◆ **DIRECTIONS FOR THIS TASK**
The lines you return must be all those in the data that hold the string "Wash".

(Items from a dataset)
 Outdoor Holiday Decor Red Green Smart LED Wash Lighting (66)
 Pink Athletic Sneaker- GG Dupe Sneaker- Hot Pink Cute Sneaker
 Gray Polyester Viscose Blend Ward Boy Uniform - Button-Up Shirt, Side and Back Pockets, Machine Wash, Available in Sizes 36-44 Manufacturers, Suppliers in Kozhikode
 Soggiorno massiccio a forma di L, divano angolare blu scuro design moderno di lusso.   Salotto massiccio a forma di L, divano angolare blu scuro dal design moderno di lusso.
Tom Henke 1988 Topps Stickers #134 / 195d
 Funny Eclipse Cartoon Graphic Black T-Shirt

--

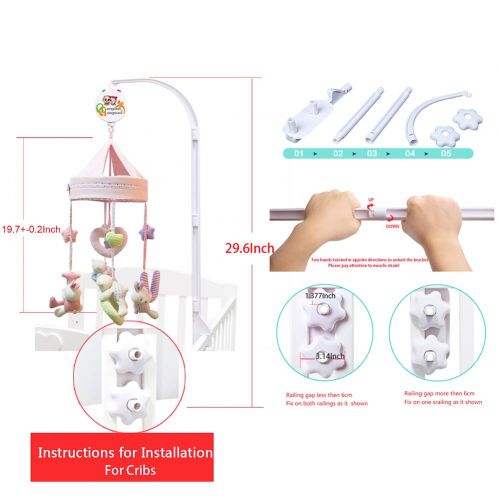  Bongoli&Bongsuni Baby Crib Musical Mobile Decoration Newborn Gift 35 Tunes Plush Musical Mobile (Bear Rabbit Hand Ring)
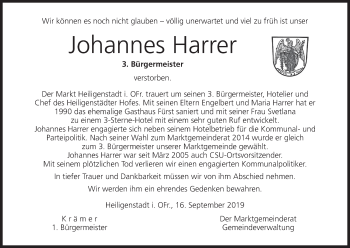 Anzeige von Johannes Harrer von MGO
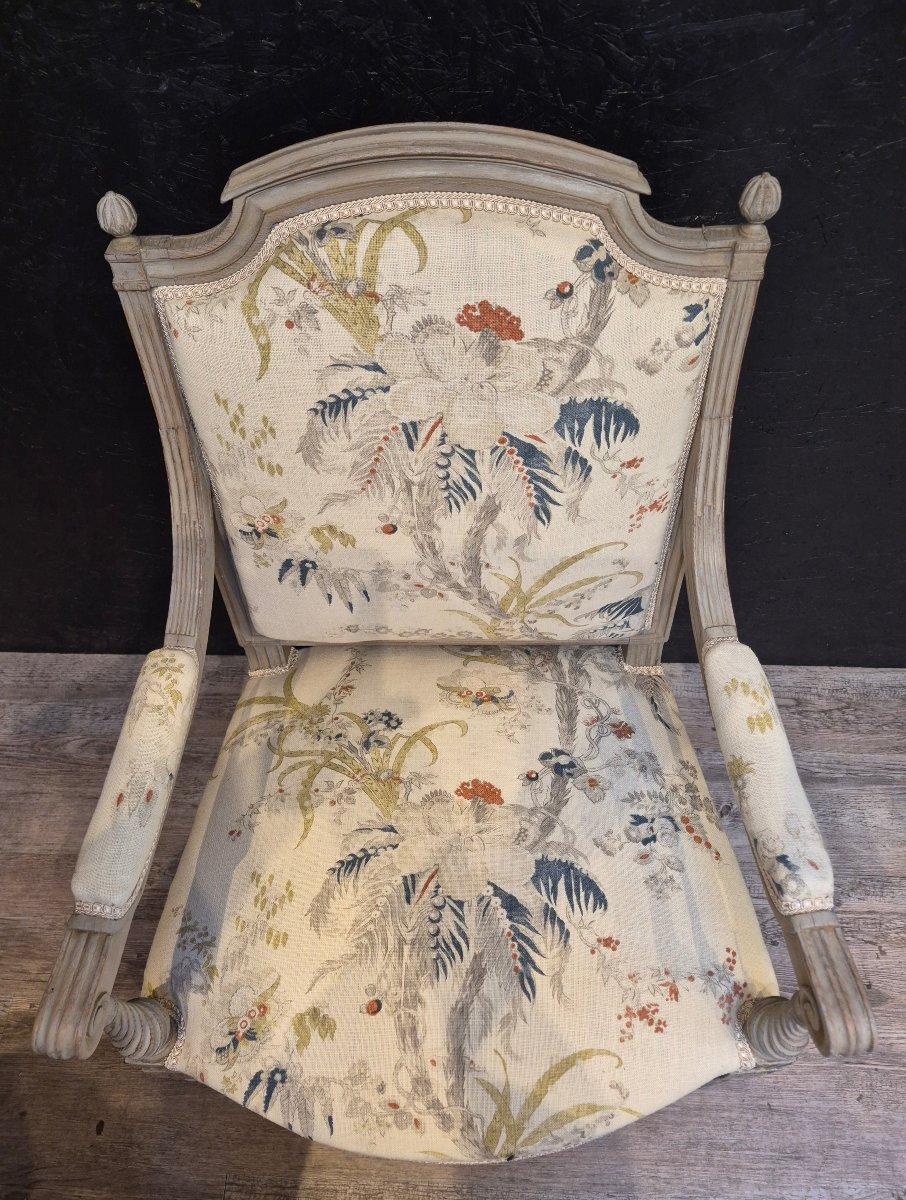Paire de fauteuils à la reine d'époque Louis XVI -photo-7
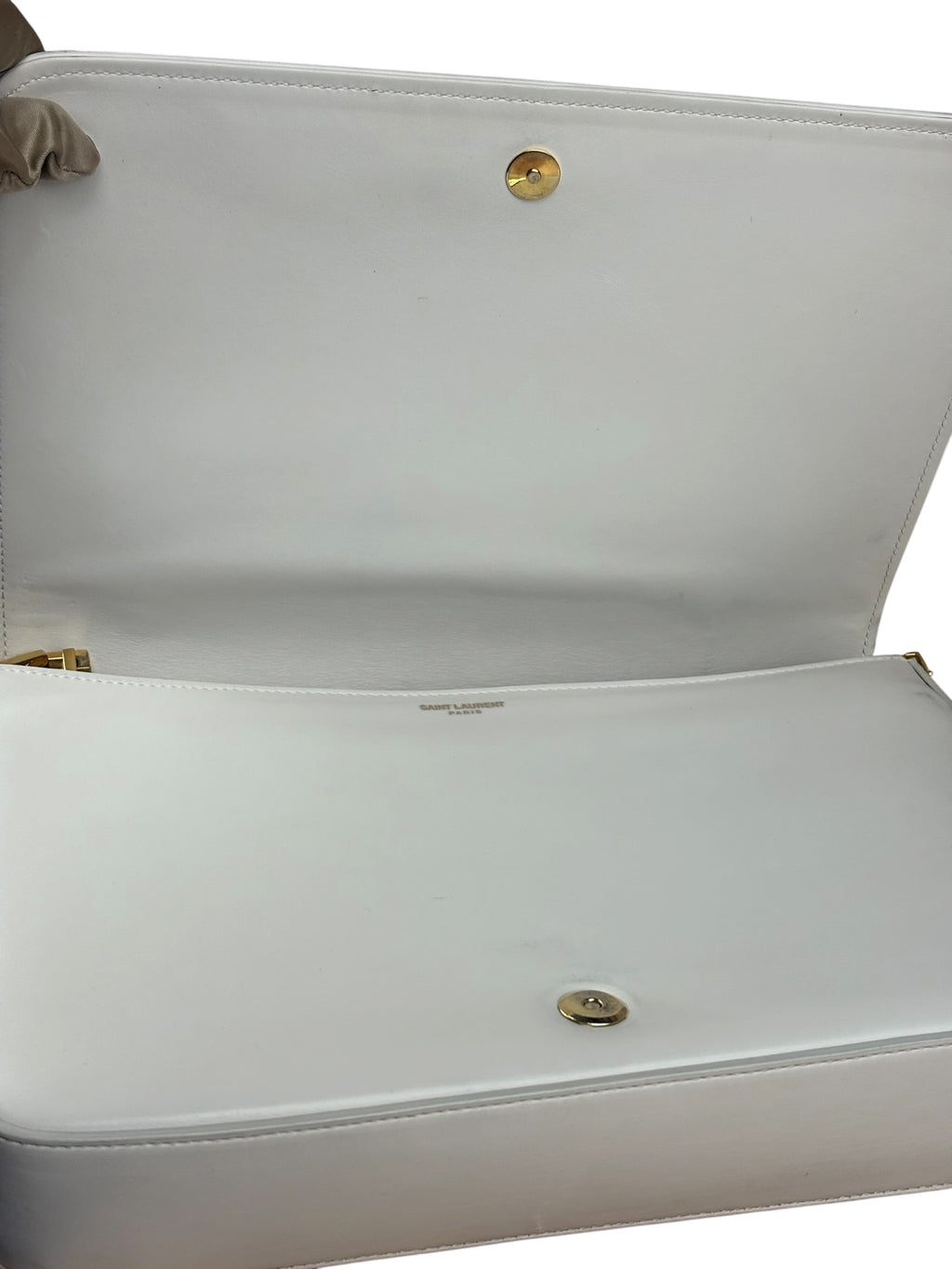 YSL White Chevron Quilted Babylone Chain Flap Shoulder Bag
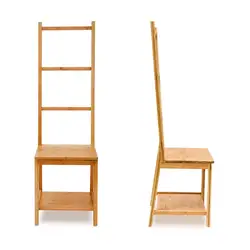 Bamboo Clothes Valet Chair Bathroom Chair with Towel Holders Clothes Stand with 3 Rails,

◆ **THE ANSWER**
 Outdoor Holiday Decor Red Green Smart LED Wash Lighting (66)
 Gray Polyester Viscose Blend Ward Boy Uniform - Button-Up Shirt, Side and Back Pockets, Machine Wash, Available in Sizes 36-44 Manufacturers, Suppliers in Kozhikode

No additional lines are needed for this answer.